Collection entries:
_ _ _ _

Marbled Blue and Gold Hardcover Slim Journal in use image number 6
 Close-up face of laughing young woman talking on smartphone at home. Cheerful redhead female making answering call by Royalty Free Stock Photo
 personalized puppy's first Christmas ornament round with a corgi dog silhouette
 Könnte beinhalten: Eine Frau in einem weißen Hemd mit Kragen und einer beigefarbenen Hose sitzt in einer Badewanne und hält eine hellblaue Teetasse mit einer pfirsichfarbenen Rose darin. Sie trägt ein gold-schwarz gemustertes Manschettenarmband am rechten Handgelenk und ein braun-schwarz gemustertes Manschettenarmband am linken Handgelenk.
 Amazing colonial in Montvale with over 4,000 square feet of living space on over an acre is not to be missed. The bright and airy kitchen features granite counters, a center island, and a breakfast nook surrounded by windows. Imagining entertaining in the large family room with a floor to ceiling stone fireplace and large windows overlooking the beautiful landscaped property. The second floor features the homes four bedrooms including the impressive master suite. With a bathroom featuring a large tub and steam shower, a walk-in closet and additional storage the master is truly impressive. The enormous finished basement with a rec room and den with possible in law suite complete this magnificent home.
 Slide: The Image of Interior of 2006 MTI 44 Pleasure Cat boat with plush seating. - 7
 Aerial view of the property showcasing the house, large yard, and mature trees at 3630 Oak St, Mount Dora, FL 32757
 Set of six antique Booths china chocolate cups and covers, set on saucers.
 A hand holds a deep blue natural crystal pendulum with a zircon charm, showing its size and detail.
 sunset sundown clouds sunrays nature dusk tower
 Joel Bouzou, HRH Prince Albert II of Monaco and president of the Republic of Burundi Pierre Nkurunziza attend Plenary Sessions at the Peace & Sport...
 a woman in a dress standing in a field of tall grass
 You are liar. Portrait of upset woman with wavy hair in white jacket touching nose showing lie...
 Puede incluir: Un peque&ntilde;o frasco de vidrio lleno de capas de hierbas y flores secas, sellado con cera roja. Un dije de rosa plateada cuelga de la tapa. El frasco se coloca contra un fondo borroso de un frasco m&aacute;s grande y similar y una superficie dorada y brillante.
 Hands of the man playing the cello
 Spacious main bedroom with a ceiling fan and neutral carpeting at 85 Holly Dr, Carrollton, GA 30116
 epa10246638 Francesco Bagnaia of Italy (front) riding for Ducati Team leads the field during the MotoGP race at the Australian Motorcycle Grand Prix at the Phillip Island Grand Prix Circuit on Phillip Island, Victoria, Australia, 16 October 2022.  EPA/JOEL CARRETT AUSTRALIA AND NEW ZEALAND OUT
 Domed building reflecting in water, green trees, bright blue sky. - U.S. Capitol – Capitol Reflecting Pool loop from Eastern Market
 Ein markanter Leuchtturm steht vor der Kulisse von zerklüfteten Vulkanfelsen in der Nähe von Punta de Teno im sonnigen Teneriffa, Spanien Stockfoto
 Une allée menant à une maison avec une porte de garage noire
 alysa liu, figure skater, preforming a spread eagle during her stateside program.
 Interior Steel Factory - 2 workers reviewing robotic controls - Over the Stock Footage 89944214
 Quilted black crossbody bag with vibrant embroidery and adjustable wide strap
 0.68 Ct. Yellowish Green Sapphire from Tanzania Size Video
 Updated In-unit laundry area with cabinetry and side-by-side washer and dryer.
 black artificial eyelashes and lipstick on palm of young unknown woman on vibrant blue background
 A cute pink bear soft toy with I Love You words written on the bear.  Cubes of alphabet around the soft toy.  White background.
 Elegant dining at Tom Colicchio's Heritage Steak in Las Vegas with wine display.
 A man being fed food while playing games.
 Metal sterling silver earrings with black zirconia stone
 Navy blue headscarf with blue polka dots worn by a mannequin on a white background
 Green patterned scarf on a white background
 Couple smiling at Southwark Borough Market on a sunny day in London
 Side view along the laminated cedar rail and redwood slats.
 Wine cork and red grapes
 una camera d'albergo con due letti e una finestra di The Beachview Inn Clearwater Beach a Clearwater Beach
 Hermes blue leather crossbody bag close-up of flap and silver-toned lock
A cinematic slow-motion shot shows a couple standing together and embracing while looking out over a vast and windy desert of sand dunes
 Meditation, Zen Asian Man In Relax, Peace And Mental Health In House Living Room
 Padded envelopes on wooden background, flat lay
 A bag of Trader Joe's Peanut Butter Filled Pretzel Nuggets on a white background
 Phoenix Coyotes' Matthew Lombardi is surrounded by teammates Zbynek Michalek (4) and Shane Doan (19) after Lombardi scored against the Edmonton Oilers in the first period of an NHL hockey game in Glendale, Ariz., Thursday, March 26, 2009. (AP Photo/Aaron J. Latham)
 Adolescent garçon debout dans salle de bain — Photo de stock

_ _ _ _

[About this exercise]
Above are the records. Print exactly, and only, the lines from the line with "Meditation, Zen Asian" to the line with "A bag of Trader", both inclusive.

[Result for this task]
 Meditation, Zen Asian Man In Relax, Peace And Mental Health In House Living Room
 Padded envelopes on wooden background, flat lay
 A bag of Trader Joe's Peanut Butter Filled Pretzel Nuggets on a white background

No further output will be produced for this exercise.